[[ Dataset extract open ]]
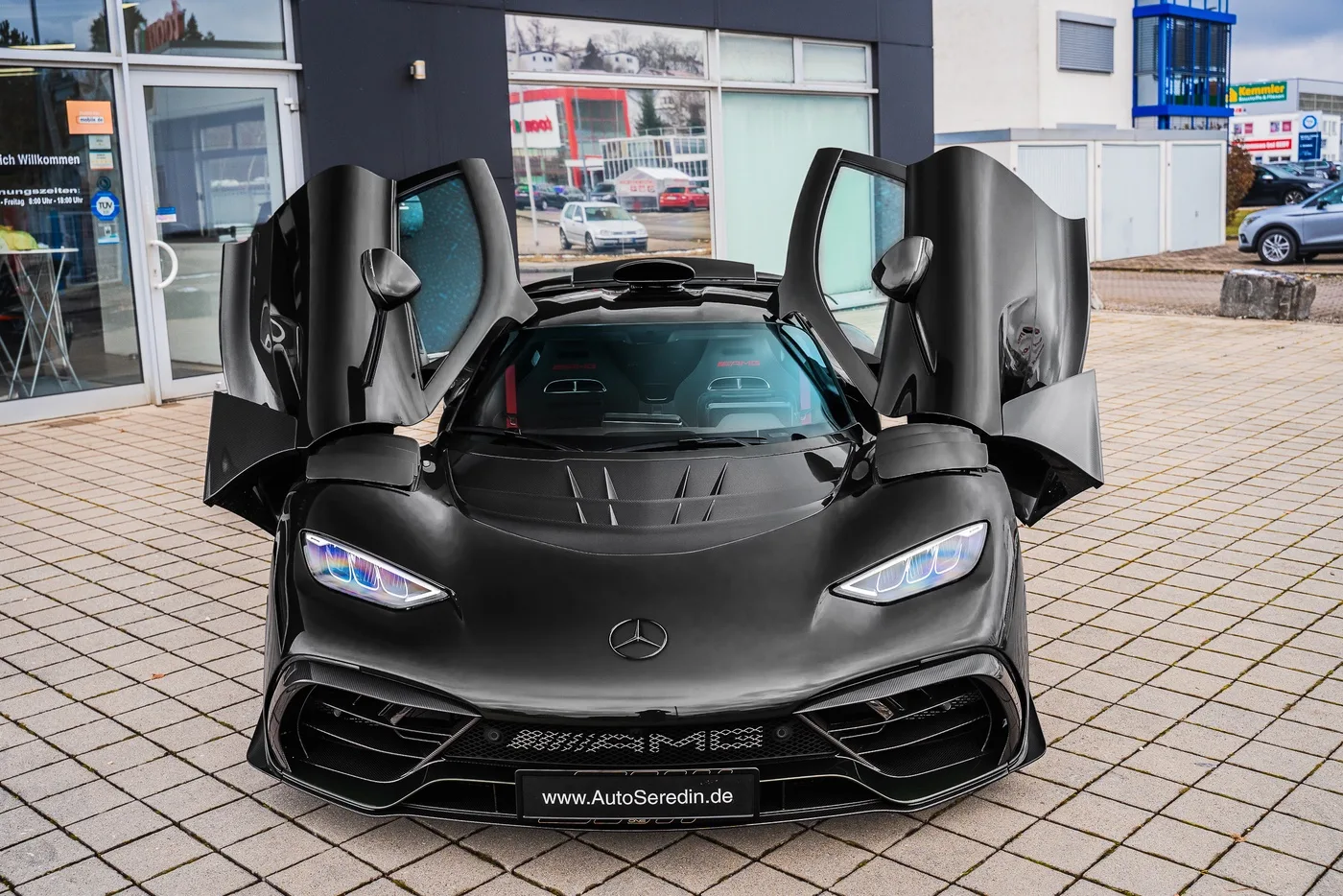 Mercedes-AMG ONE offered by a specialist dealer in Hechingen, Germany, photo 3 of 12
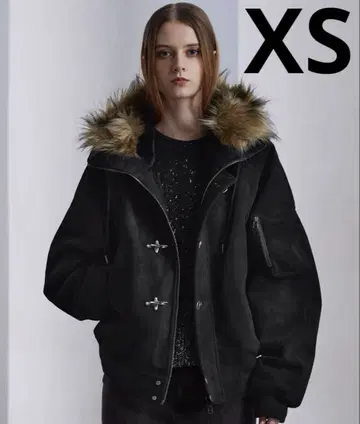 클레이 파이어맨 테크 페이드 N-2B 플라이트 자켓 XS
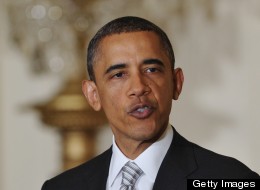 President Barack Obama speaks during a reception in honor of Jewish American Heritage Month on May 17, 2011, in the East Room of the White House.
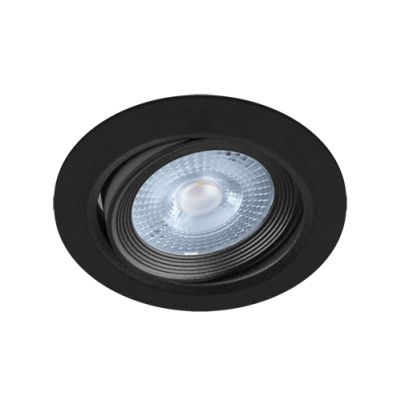 Sufitowa oprawa punktowa SMD LED MONI LED C 5W 3000K BLACK IDEUS (03709)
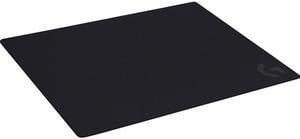 Logitech G Large Cloth Gaming Mouse Pad  1575 x 1811 x 012 Dimension  Black  Rubber  Large  Mouse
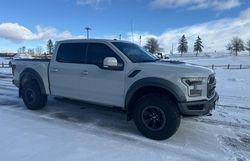 Copart GO Trucks for sale at auction: 2017 Ford F150 Raptor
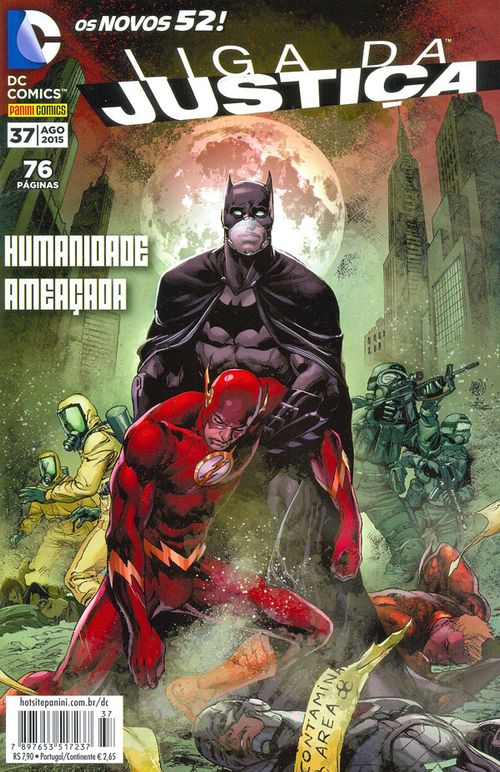 Liga da Justiça - 2ª Série # 37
[[ Dataset extract closed ]]
> [Exercise] Copy the entries exactly. No pictures.

> [Finished task]
 Mercedes-AMG ONE offered by a specialist dealer in Hechingen, Germany, photo 3 of 12
 클레이 파이어맨 테크 페이드 N-2B 플라이트 자켓 XS
 President Barack Obama speaks during a reception in honor of Jewish American Heritage Month on May 17, 2011, in the East Room of the White House.
 Sufitowa oprawa punktowa SMD LED MONI LED C 5W 3000K BLACK IDEUS (03709)
 Logitech G Large Cloth Gaming Mouse Pad  1575 x 1811 x 012 Dimension  Black  Rubber  Large  Mouse
 Copart GO Trucks for sale at auction: 2017 Ford F150 Raptor
 Liga da Justiça - 2ª Série # 37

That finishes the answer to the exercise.